I watched a preview of various parts.  What spectacular staging! I have never seen staging like this before. It may well be avant-garde but it is so out there that it is just something.

The parts that I listened to sounded well played under ZM and the singers sounded good.

I would like to know how well you rate this cycle? I am not after a comparison with other Ring cycles but just want your views of this amazing looking one. Thank you.


----------



## Pugg (Aug 8, 2014)

The man name is _Zubin Mehta_


----------



## ArtMusic (Jan 5, 2013)

Pugg said:


> The man name is _Zubin Mehta_


So that alone is good enough for you. I thought the preview clips sounded quite solid conducting.


----------



## Pugg (Aug 8, 2014)

ArtMusic said:


> So that alone is good enough for you. I thought the preview clips sounded quite solid conducting.


Let the moderator change your O.P that's my point.
I never heard it and don't want to , there's so much Rings one can have.


----------



## SixFootScowl (Oct 17, 2011)

I voted the last choice even though I know who Wagner is (I have Meistersinger), have heard of the Ring (a series of strange operas), and have heard of Zubin Mehta (but wasn't sure if he was a violinist or what). At any rate, I have little interest in Wagner beyond Meistersinger excepting perhaps the Dutchman if I came across it at a garage sale or something. As for the Ring cycle you have posted, it looks like Martians or something.


----------



## Don Fatale (Aug 31, 2009)

I have this DVD set and I liked some aspects like the projections, but I strongly dislike some other aspects, such as the infamous cherry pickers, and poor Brunnhilde's outfit which does nothing to flatter her.

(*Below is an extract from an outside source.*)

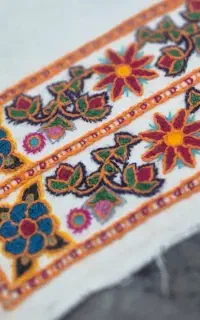 پته دستمال کاغذی شیک و پرکار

I guess it's due for another watch.


----------



## DarkAngel (Aug 11, 2010)

Some of the stage set designs are very clever and visually well thought out, the opening Rheingold nymphs in water cubes with back projections.....fabulous










The depiction of Valhalla as a human net of suspended performers that breaks apart at Ring conclusion is brilliant!










*but*

Did not like the costumes in general especially brunhilde, other stage sets visually were not nearly as well handled as those two examples, singing average at best, so overall a very mixed bag for me with hints of true inspiration


----------



## Pugg (Aug 8, 2014)

DarkAngel said:


> Some of the stage set designs are very clever and visually well thought out, the opening Rheingold nymphs in water cubes with back projections.....fabulous
> 
> 
> 
> ...


Wagner would be turning is his grave is he saw this


----------